The facts as explained in the decision:
- The subject property was a rowhouse that directly abutted a similar rowhouse on one side and shared a common wall with a different rowhouse on the other side.
- At the time of the incidents giving rise to this litigation, the building had been vacant since the 1980s, it did not have any active utilities since the 1990s, and the building had been cited for a number of code violations.
- On the morning of November 9, 2011, the subject property caught fire.
- After the fire was extinguished, the property was inspected by City of Albany Fire Department’s Deputy Fire Chief Joseph Toomey and the Chazen Companies’ Joseph Lanaro, an independent civil engineer hired by the City.
- Toomey observed that the subject property suffered severe damage, that the roof was deformed, and that the property was in imminent danger of collapsing.

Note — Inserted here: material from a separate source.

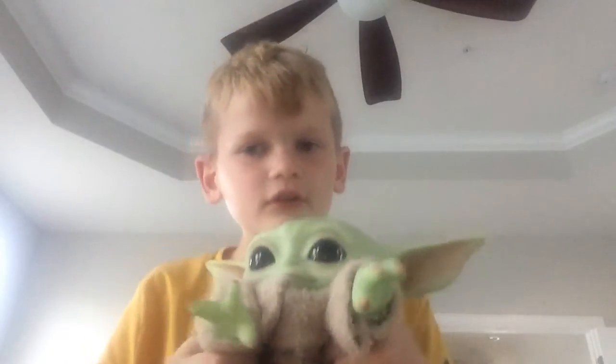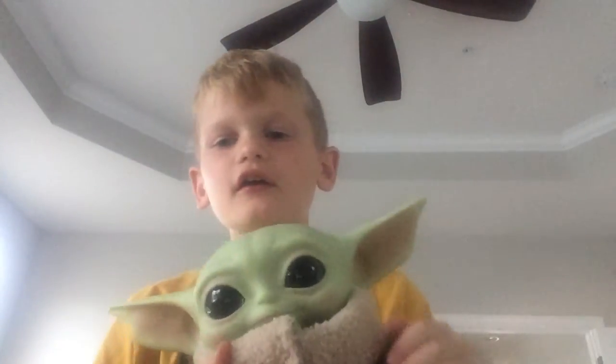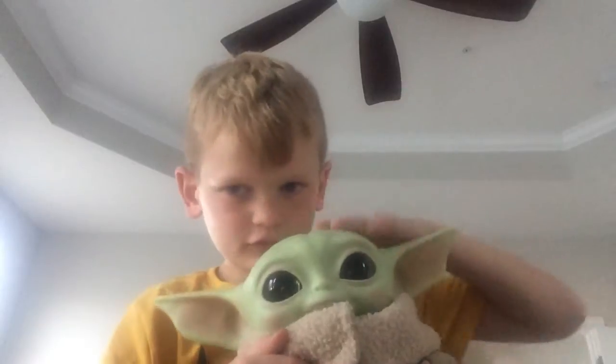I know, it is cute. I love this thing. It's Baby Yoda. I love him. I just got him on Friday. It's actually super cute.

- Lanaro opined that the damage to the subject property left it too unsafe for an attempt at restoring or salvaging it, and recommended that the property be immediately demolished.
- Chazen provided a written report and photographs to the City to support this recommendation.
- Based on Lanaro’s opinion, and Toomey’s own observations, Toomey filed an emergency order to demolish the subject property pursuant to the Code of the City of Albany, which was issued on November 9, 2011.
- Toomey issued a notice to N. Ferran advising her that the property was in imminent danger of collapse and needed to be demolished.
- Shortly thereafter, the City hired M. Cristo Inc. to perform the demolition.
- The subject property was demolished from November 9, 2011 to November 11, 2011.
At the center of the suit was whether the city had the legal authority to demolish the building without providing the Ferrans the opportunity to remove their personal possessions and/or have their own contractors evaluate the building’s potential. In dismissing the Ferrans’ due process claims, Judge Gary L. Sharpe reasoned as follows:
- Here, there appears to be no dispute that N. Ferran had a protected interest in the subject property, and that she did not receive adequate predeprivation process before its demolition.
- Instead, City defendants rely on the emergency exception and argue that it was entitled to demolish the subject property because the dangerous condition in which the property had remained after the fire posed an emergency threat to the public.
- Therefore, “the Court’s inquiry is twofold: (1) whether there was an emergency that required immediate action; and (2) whether adequate post-deprivation remedies were available.”
- As relevant here, a public official’s decision to invoke an emergency demolition procedure without a post-deprivation hearing is afforded “some deference.”
- In determining whether a public official has abused his constitutionally afforded discretion to invoke the emergency doctrine, the central inquiry is whether “there was competent evidence allowing the official to reasonably believe that an emergency [did] in fact exist, or that affording predeprivation process would be otherwise impractical.”
- In their complaint, plaintiffs allege-without adequate factual support-that the fire damage was a mere pretext to support the subject property’s demolition, that the subject property did not need to be demolished, and that Lanaro’s report was manufactured and false.
- [P]laintiffs did not provide the court with any support for these allegations or any other facts to suggest that an emergency did not exist or that it would not have been impractical for predeprivation process.
- Thus, based on the undisputed facts, there is no genuine issue that an emergency situation existed and that immediate action was warranted, and no jury could find that City defendants abused their discretion or acted arbitrarily with respect to this decision.
- “[I]t is well-settled that an Article 78 proceeding is an adequate postdeprivation remedy for the emergency demolition of property.”
- Accordingly, summary judgment is granted as to plaintiffs’ Fourteenth Amendment procedural due process claim, and this claim against City defendants is dismissed.